The Rincon Valley Christian boys basketball team was playing recently — coach Darren Nelson believes it was a home game against St. Vincent — when one of the Eagles got the ball via a rebound or steal and started dribbling the length of the floor. This kid was one of Rincon Valley's best players, but not a particularly good ball handler.
As the boy ran past the RVC bench, Nelson was faced with a classic decision: to call, or not call, a timeout. The coach refrained. The player lost the ball out of bounds.
"We ended up winning," Nelson said. "But if I could have gone back and changed one thing in that game, that's one time I could have called one and didn't."
For most basketball fans, timeouts are downtime — a chance to catch your breath, let your mind wander from the action or engage in a little conversation. For coaches they are a means to reroute momentum, update strategy or send a pointed message, and are held in the same regard that a shipwrecked man might treat his last few bottles of water.
"Kids need guidance, and they also need motivation," said Cardinal Newman girls coach Monica Mertle, who played collegiately at St. Mary's and UC Davis. "For that reason, timeouts are really critical to the game, and how you use them is critical."
Logistics of the timeout
The spatial layout of a timeout tends to follow a classic form: the five players who are in the game at that time seated on the bench (or on the chairs that form "the bench") and looking toward the court, the coach facing them while squatting or sitting, the rest of the players and assistants fanned out behind the coach.
Sonoma Valley girls coach Sil Coccia wishes he could set up chairs on the court, like they do during lengthy TV timeouts in college.
He has to light into his players occasionally, and would rather do it out of the earshot of parents. Alas, high school timeouts aren't long enough.
As it is, you find variations in the form.

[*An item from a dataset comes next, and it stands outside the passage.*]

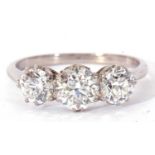 Three-stone diamond ring featuring three round cut graduated diamonds, total 0.75ct wt approx,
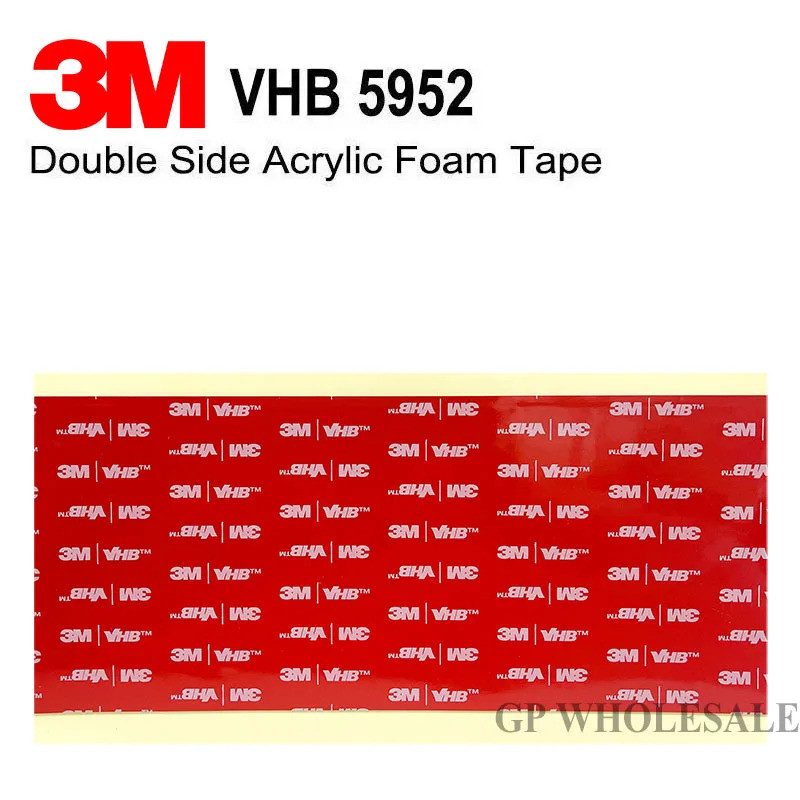 2 แผ่น 3M 4 "x8" (100 มม.* 200 มม.) VHB เทปกาวสองหน้าโฟม 5952 อุปกรณ์ติดตั้งรถยนต์ 10 ซม.x20 ซม.x1.1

"We stand during out timeouts," Mertle said. "I find it's a way to keep the girls focused, instead of sitting and losing track of what's going on."
"One of my assistants will grab a chair for me, facing the players," Nelson said. "He'll hand me a clipboard and pen, ready to go. That's where having good assistant coaches makes a difference."
Nelson will sometimes turn over control of the timeout if one of those assistants has something specific to impart. Bill Heath, who coaches the Ukiah boys, said he runs defensive timeouts, while assistant Von Pena runs offensive timeouts. Because of the time constraints, the message tends to be to the point.
"If it's a 30-second timeout, I tell 'em one thing," Cardinal Newman boys coach Tom Bonfigli said. "If it's a full, I'll tell 'em maybe two or three, that's it. Sometimes a team tries to do too much, or there are too many people talking."